Design
February 14, 2023

How Snapchat and Netflix designs products by breaking UX laws?

How Snapchat and Netflix designs products by breaking UX laws?

It’s not new that Snapchat’s usability isn’t the best. They even had to include ten black and white diagrams in their IPO filing just to help potential investors (i.e. olds) understand it.

Most websites and apps that came along in the early days of the internet had terrible experiences. They had cluttered home pages and distracting color palettes. So how did Snapchat eventually prevail?

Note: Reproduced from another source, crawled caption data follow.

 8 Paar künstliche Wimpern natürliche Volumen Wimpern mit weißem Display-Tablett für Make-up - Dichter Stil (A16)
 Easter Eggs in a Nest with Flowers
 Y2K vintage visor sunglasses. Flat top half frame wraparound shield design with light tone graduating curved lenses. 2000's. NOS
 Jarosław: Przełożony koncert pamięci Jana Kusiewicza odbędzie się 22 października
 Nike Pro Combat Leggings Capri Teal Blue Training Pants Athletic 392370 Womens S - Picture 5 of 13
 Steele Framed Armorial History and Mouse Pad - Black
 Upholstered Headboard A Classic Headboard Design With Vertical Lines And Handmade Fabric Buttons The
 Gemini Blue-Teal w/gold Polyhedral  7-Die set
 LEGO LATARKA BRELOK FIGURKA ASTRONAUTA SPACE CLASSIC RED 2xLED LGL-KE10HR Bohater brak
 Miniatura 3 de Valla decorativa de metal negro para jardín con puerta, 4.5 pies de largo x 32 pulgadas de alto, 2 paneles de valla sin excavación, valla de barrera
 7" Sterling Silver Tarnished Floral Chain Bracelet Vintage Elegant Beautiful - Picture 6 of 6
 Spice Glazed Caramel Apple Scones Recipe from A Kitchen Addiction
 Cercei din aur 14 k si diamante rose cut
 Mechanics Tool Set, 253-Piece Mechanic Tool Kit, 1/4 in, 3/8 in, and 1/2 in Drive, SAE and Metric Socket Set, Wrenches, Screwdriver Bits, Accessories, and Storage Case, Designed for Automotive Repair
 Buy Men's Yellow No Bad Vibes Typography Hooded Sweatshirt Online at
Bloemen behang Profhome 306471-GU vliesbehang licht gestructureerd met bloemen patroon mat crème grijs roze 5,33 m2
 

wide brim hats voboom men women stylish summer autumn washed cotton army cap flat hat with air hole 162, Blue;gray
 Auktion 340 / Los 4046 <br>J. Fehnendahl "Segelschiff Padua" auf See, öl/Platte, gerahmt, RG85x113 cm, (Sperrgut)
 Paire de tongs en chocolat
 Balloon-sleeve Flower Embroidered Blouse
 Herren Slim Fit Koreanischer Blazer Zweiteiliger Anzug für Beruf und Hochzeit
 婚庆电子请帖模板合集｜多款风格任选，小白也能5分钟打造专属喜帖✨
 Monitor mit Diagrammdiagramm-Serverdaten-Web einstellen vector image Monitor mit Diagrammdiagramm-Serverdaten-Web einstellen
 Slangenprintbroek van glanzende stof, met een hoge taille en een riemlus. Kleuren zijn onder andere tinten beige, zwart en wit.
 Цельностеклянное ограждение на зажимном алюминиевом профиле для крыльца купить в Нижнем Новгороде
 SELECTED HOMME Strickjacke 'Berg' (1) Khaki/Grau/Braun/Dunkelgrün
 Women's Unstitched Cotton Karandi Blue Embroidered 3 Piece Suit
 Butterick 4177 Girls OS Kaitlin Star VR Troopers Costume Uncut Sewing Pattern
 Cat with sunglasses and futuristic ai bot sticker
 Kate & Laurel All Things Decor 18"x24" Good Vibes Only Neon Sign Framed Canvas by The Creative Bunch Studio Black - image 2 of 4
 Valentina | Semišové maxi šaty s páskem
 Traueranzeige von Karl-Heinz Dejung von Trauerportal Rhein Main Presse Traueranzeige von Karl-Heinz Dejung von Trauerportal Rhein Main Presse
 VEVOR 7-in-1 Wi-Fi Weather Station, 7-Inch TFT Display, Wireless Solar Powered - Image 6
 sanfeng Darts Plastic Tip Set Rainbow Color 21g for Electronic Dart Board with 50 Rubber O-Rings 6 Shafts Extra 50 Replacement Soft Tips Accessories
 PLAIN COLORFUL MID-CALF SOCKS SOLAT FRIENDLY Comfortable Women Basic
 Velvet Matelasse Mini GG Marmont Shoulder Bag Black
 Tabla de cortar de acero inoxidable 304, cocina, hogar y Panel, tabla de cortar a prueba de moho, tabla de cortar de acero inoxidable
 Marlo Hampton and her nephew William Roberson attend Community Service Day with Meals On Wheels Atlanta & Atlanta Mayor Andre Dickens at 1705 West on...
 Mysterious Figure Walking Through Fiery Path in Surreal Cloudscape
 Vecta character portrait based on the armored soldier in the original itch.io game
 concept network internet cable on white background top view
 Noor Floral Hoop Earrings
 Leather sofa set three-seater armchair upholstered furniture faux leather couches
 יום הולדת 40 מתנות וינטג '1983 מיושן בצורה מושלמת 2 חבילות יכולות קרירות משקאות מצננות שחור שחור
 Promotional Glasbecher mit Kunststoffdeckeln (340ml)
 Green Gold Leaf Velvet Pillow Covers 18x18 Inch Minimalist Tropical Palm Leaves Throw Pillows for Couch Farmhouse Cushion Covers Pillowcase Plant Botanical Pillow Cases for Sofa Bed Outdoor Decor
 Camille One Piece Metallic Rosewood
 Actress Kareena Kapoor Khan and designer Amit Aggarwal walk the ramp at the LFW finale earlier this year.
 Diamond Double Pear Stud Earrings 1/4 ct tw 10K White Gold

Here’s how Snapchat breaks all design principles to build a successful product

With more than 500+ million downloads on the Google Play Store alone and over 160 million active users each day, Snapchat has caught the attention of its users with its complicated user experience that includes:

  • Confusing iconography
  • Non-existent labels
  • Hidden app functionalities
  • Complicated navigation without guidance

However, Snapchat’s user experience is not bad. It’s actually an incredibly smart design. Their challenging user experience is what keeps them relevant to their primary target audience: teenagers and millennials. Here’s how they nail it:

1. Winning the User Psychology with Gamification

Snapchat understood its users’ psychology and made certain features challenging to access intuitively. A very simple, yet ingenious, example is the Streaks Count in Snapchat. As you send more messages and snaps to your friends, you’ll earn new stickers for “best friends”, badges, and higher points to give some value to your friendships.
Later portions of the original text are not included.